Here's the real reason: this dev is an jerk who thinks postgres users get too much sleep.
My experience on 8.4, within the last 3 years: a query that is run hundreds of times per second with an average run time in milliseconds and a max query time of .3 seconds suddenly starts taking 100 to 1000 times as long to run. Six hours of debugging later starting at 3 in the morning when systems started failing, we figured out that some magic in the query planner had tripped over and changed the query plan to something that is at least two orders of magnitude worse. No indices have changed. No schemas have changed. Data grows by maybe 30k rows per day which is very reasonable given table sizes and the 128GB of ram dedicated to pg.
Of course, there's no way to specify the query plan. Instead, we ended up fucking with configs until the query plan swapped back.
That's why people like locking query plans.

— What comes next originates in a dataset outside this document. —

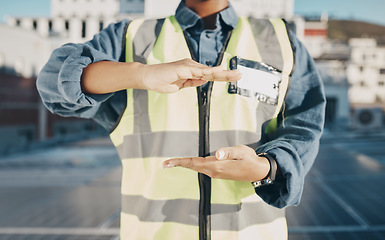 Image showing Hands, construction and engineer on a roof for solar energy, building electric plant or electricity advertising. Sustainable marketing, gesture and a worker for electrician innovation and maintenance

Not necessarily to control the best case, but to control the average / worst case.
> That's why people like locking query plans. Not necessarily to control the best case, but to control the average / worst case.
This. I've had exactly the same experience as you.
Nobody wants to put hints in the query plan. But when your web site is down because one day the freakin' query planner decided all by itself that it was time for a change and some of your worst case queries are taking 2 minutes to return I don't want to be fudging about with statistics trying to understand the internal mind of the planner to convince it to return to sanity. I just want to make it do a plan that I know won't lose me my job.
The kind of attitude in this article reminds me - sadly - of the BS that used to come from the MySQL devs. "No you don't need transactions! Your system is broken if it uses transactions!". Of course it was BS and the minute they supported transactions they were all over how good it was.
For the record, that form of statement ("no, you don't need X") cuts both ways, and therefore whether or not I agree that PostgreSQL needs query hints, this argument of comparison bothers me: you could use the same argument for "No, you don't need the ability to violate referential integrity! Your system is broken if it violates declared foreign key constraints!", which is to me a very correct (and "very PostgreSQL") statement to make about how horrible it is that MySQL /added a feature/ that turns off foreign key constraint checks in a way that leaves your data in an incosistent state due to the same kind of pressure from DBAs who weren't really thinking about the long term consequences. Put differently: you stripped away all of the reasoning and are now comparing the lexical syntax of a conclusion and trying to claim that this means two situations are alike, which is actively misleading to your readers and yourself.
Absolutely. It is the nature of the profession that DBAs are conservative. If you have something that works, you want it to continue to work. So if it is working well enough, don't change it!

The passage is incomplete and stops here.